As you probably already know, right-wing commentators had a complete and utter meltdown over Coca-Cola’s “America the Beautiful” ad during the Super Bowl. Along with complaints that the ad featured eight different languages, several pundits criticized the inclusion of same-sex parents.
Peter LaBarbera of Americans For Truth About Homosexuality was among them, complaining that Coca-Cola is trying to “pander to the ‘Gay’ Lobby” in its attempt to have Americans “conditition to accept sexual perversion as normal.”
"Coke's Super Bowl ad is only the latest step in the escalating government-corporate campaign to normalize homosexuality in the culture,” said Peter LaBarbera, president of Americans for Truth About Homosexuality.
“Americans are being conditioned to accept sexual perversion as normal and good, and there is some big corporate money behind it,” LaBarbera told LifeSiteNews. “It's sad that families can't even watch the Super Bowl anymore without having their faith undermined.”
“Common sense, reason, and centuries of Judeo-Christian history tell us that it is best for children to have a mom and a dad.

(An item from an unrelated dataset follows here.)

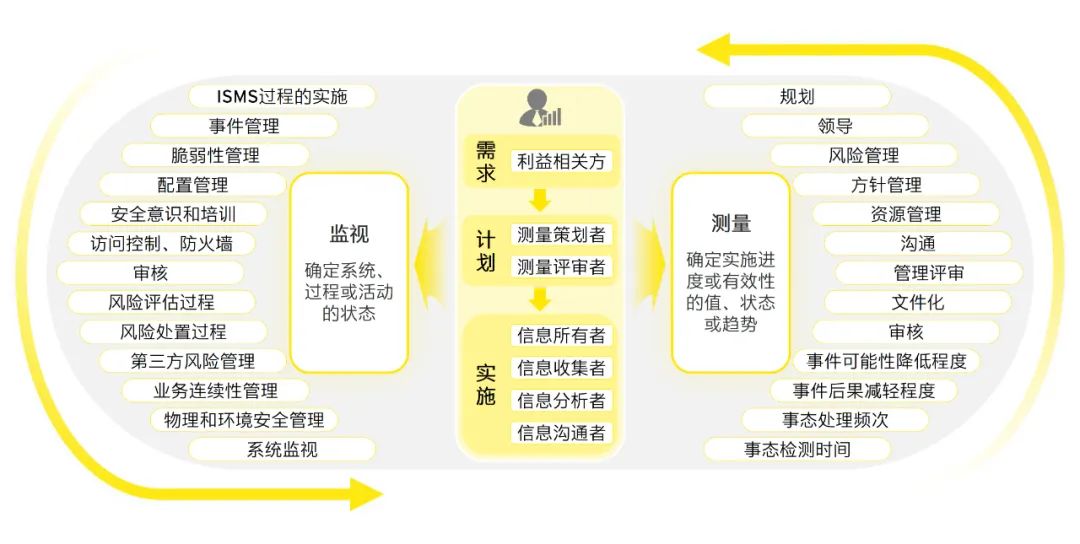 香港最快最準免費料2024官方網(wǎng),香港最快最準免費料統(tǒng)計評估解析說明（續(xù)版），探索未來的數(shù)據(jù)世界,實效設(shè)計計劃解析_Superior31.39.86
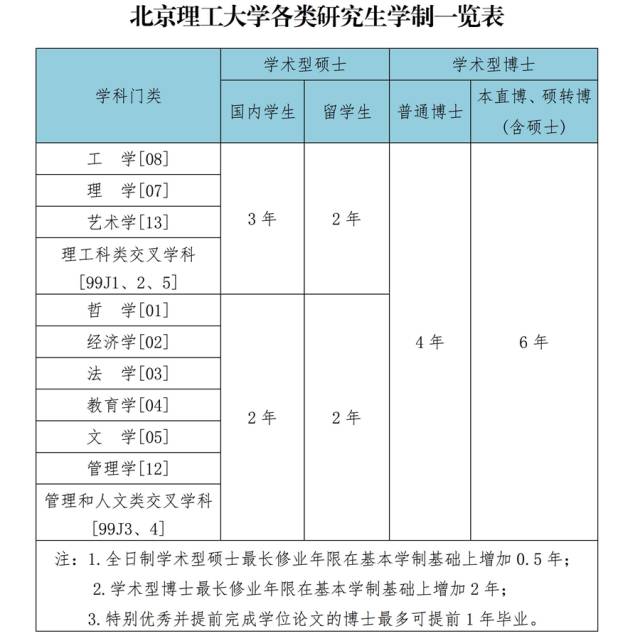 研究生是幾年學(xué)制-圖1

This is what responsible companies should celebrate,” LaBarbera told LifeSiteNews. “Yet instead Coke chose to pander to the 'Gay' Lobby by honoring homosexual parenting – in this case a household that intentionally denies children a mother.”
LaBarbera said there was one solution to cultural messages promoting any kind of sexual immorality. “Parents must take proactive steps to explain to their children why biblical morality is preferable to an ideology and lifestyle that celebrates sexual sin in the name of 'diversity,'” he said.
Showcasing homosexuals alongside ethnic minorities places those who object on the defensive against charges they are “racist,” he said.
This is rather awkward since evidently LaBarbera and the other anti-gay activists trashing the Coca-Cola ad might want to do some research into the author of “America the Beautiful,” Katherine Lee Bates:
The author of this iconic anthem of American patriotism was Katherine Lee Bates. In a brilliant lampoon of the backlash against the Coke commercial, Stephen Colbert pointed out that Bates was a lesbian. He could also have added that she was also a Christian socialist and an ardent foe of American imperialism.
Bates (1859-1929), a well-respected poet and professor of English at Wellesley College, was part of progressive reform circles in the Boston area, concerned about labor rights, urban slums and women's suffrage.
For decades Bates lived with and loved her Wellesley colleague Katharine Coman, founder of the college's economics department, who authored The History of Contract Labor in the Hawaiian Islands and The Economic History of the Far West. Coman was also a poet. She and Bates jointly wrote English History as Taught by English Poets.
Although they lived together for 25 years in what was then called a "Boston Marriage," they could not publicly acknowledge their intimate relationship. When Coman died, however, Bates published Yellow Clover: A Book of Remembrance that celebrated their love and their involvement in the radical and social reform movements of their day.
Were Bates and Coman alive today, they would probably have taken advantage of Massachusetts' law allowing same-sex couples to marry -- a law that folks like Limbaugh find appalling.
Bates' circle of reformers and radicals -- including union activists, feminists, and housing crusaders -- were strong advocates for immigrants. Bates and Coman volunteered at Denison House, a Boston settlement house that worked to improve the lives of immigrants who lived in Boston's slums and worked in its sweatshops. Denison House was founded by their Wellesley colleague Vida Scudder, another radical socialist, feminist, and lesbian. It was modeled on Hull House, founded by Jane Addams in Chicago.